▶ **Work item**
Repeat, exactly as written, the lines of the records below from the first through the line with "Peanut butter fudge", but none past it.

● ● ● ● ● ● ●

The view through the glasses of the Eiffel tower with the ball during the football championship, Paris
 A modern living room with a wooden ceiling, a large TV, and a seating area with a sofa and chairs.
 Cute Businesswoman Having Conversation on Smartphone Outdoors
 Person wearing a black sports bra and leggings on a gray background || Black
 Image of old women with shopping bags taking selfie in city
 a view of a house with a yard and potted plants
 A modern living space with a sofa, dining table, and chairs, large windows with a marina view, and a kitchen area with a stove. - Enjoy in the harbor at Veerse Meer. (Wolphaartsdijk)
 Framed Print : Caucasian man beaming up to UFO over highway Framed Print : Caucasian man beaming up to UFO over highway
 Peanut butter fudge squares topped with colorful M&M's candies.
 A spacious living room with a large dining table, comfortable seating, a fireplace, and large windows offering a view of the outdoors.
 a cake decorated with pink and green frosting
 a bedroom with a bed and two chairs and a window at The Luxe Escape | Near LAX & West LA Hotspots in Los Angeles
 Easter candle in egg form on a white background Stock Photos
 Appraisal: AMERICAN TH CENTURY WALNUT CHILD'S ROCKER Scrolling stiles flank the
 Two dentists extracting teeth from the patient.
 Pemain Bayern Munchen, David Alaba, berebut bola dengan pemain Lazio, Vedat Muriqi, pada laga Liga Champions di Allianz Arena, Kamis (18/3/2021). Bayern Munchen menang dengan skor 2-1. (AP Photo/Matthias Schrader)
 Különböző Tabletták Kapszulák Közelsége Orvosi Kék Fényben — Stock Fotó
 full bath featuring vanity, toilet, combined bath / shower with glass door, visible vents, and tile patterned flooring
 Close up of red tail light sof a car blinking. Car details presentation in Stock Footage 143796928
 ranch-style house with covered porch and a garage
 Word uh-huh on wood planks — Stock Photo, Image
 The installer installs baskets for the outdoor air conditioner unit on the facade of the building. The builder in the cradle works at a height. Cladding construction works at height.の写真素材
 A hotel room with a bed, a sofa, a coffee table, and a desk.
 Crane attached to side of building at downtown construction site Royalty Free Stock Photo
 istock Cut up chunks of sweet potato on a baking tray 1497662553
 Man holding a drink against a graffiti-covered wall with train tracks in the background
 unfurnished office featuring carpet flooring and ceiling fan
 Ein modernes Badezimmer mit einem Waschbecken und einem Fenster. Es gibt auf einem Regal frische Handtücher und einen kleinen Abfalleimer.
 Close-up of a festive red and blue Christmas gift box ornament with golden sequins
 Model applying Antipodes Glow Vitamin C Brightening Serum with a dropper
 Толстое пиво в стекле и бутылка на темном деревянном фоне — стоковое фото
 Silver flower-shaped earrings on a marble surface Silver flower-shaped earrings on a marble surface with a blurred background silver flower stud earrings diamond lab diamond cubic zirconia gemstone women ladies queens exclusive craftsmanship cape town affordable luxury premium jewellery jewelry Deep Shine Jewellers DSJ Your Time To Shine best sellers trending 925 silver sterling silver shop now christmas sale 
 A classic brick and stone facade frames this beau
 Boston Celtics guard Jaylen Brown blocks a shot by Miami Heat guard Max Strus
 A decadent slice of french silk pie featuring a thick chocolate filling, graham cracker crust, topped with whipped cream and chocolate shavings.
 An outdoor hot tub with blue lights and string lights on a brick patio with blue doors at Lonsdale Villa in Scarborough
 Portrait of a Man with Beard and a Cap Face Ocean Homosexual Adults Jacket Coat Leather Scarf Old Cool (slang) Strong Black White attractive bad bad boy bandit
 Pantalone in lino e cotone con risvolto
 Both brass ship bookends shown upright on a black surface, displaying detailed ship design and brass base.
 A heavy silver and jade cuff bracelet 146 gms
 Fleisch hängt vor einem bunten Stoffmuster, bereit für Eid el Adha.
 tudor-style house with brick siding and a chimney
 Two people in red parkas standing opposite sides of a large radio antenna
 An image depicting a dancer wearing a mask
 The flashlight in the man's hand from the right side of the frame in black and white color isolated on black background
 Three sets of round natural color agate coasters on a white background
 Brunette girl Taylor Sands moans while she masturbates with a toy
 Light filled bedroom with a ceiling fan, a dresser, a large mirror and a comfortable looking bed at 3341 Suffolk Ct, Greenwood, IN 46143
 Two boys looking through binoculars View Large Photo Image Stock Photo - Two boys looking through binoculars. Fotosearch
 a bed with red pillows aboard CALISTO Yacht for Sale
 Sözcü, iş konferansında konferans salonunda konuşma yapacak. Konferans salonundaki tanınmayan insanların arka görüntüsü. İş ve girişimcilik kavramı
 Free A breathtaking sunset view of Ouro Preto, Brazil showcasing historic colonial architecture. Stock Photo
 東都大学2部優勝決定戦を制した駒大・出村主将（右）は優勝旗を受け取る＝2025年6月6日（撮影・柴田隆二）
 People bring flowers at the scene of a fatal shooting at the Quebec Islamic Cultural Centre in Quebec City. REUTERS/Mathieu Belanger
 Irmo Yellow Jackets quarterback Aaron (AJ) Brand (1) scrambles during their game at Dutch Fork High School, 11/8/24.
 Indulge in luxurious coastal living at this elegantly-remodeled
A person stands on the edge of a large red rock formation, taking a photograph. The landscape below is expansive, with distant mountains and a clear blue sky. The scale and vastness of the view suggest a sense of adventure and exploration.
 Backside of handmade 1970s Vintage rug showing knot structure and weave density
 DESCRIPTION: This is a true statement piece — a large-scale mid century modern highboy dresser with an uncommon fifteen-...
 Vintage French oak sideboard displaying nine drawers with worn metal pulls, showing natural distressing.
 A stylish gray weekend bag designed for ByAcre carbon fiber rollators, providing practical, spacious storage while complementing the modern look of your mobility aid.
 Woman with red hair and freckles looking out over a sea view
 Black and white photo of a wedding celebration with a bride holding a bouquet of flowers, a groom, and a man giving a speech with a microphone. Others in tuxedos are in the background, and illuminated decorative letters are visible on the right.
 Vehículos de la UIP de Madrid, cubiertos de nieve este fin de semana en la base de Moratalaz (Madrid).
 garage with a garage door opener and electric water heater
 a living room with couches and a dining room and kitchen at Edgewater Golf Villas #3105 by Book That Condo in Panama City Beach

● ● ● ● ● ● ●

▶ **Result**
The view through the glasses of the Eiffel tower with the ball during the football championship, Paris
 A modern living room with a wooden ceiling, a large TV, and a seating area with a sofa and chairs.
 Cute Businesswoman Having Conversation on Smartphone Outdoors
 Person wearing a black sports bra and leggings on a gray background || Black
 Image of old women with shopping bags taking selfie in city
 a view of a house with a yard and potted plants
 A modern living space with a sofa, dining table, and chairs, large windows with a marina view, and a kitchen area with a stove. - Enjoy in the harbor at Veerse Meer. (Wolphaartsdijk)
 Framed Print : Caucasian man beaming up to UFO over highway Framed Print : Caucasian man beaming up to UFO over highway
 Peanut butter fudge squares topped with colorful M&M's candies.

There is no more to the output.